Home

Awesome

SimpleTuner 💹

⚠️ Warning: The scripts in this repository have the potential to damage your training data. Always maintain backups before proceeding.

SimpleTuner is geared towards simplicity, with a focus on making the code easily understood. This codebase serves as a shared academic exercise, and contributions are welcome.

Table of Contents

Design Philosophy

Tutorial

Please fully explore this README before embarking on the tutorial, as it contains vital information that you might need to know first.

For a quick start without reading the full documentation, you can use the Quick Start guide.

For memory-constrained systems, see the DeepSpeed document which explains how to use 🤗Accelerate to configure Microsoft's DeepSpeed for optimiser state offload.

For multi-node distributed training, this guide will help tweak the configurations from the INSTALL and Quickstart guides to be suitable for multi-node training, and optimising for image datasets numbering in the billions of samples.


Features

Flux.1

Full training support for Flux.1 is included:

See hardware requirements or the quickstart guide.

PixArt Sigma

SimpleTuner has extensive training integration with PixArt Sigma - both the 600M & 900M models load without modification.
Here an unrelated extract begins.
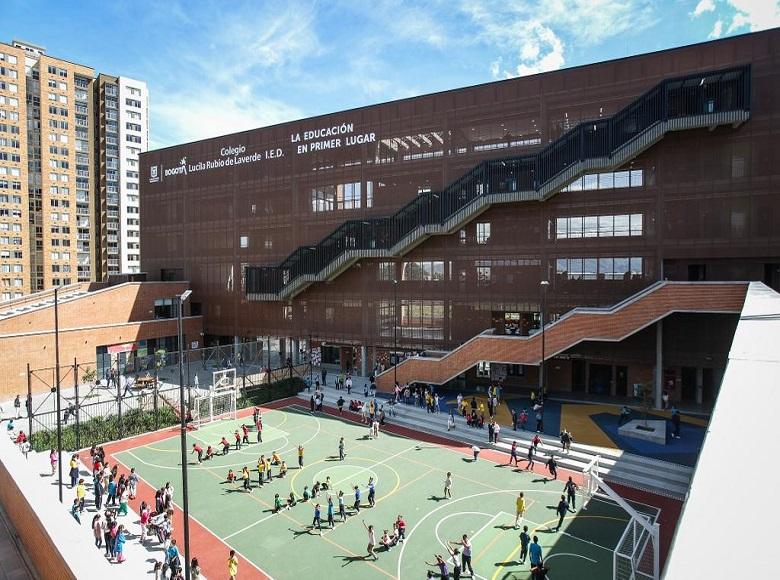 El colegio Lucila Rubio de Laverde beneficia, principalmente, a los habitantes de barrios como Unir, El Gaco, Gran Granada, Villas de Alcalá, Villas de Granada, Garcés Navas, Villas del Dorado y El Cedro.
See the PixArt Quickstart guide to start training.

Stable Diffusion 3

See the Stable Diffusion 3 Quickstart to get going.

Kwai Kolors

An SDXL-based model with ChatGLM (General Language Model) 6B as its text encoder, doubling the hidden dimension size and substantially increasing the level of local detail included in the prompt embeds.

Kolors support is almost as deep as SDXL, minus ControlNet training support.

Legacy Stable Diffusion models

RunwayML's SD 1.5 and StabilityAI's SD 2.x are both trainable under the legacy designation.


Hardware Requirements

NVIDIA

Pretty much anything 3080 and up is a safe bet. YMMV.

AMD

LoRA and full-rank tuning are verified working on a 7900 XTX 24GB and MI300X.

Lacking xformers, it will use more memory than Nvidia equivalent hardware.

Apple

LoRA and full-rank tuning are tested to work on an M3 Max with 128G memory, taking about 12G of "Wired" memory and 4G of system memory for SDXL.

Flux.1 [dev, schnell]

Flux prefers being trained with multiple large GPUs but a single 16G card should be able to do it with quantisation of the transformer and text encoders.

SDXL, 1024px

Stable Diffusion 2.x, 768px

Toolkit

For more information about the associated toolkit distributed with SimpleTuner, refer to the toolkit documentation.

Setup

Detailed setup information is available in the installation documentation.

Troubleshooting

Enable debug logs for a more detailed insight by adding export SIMPLETUNER_LOG_LEVEL=DEBUG to your environment (config/config.env) file.

For performance analysis of the training loop, setting SIMPLETUNER_TRAINING_LOOP_LOG_LEVEL=DEBUG will have timestamps that highlight any issues in your configuration.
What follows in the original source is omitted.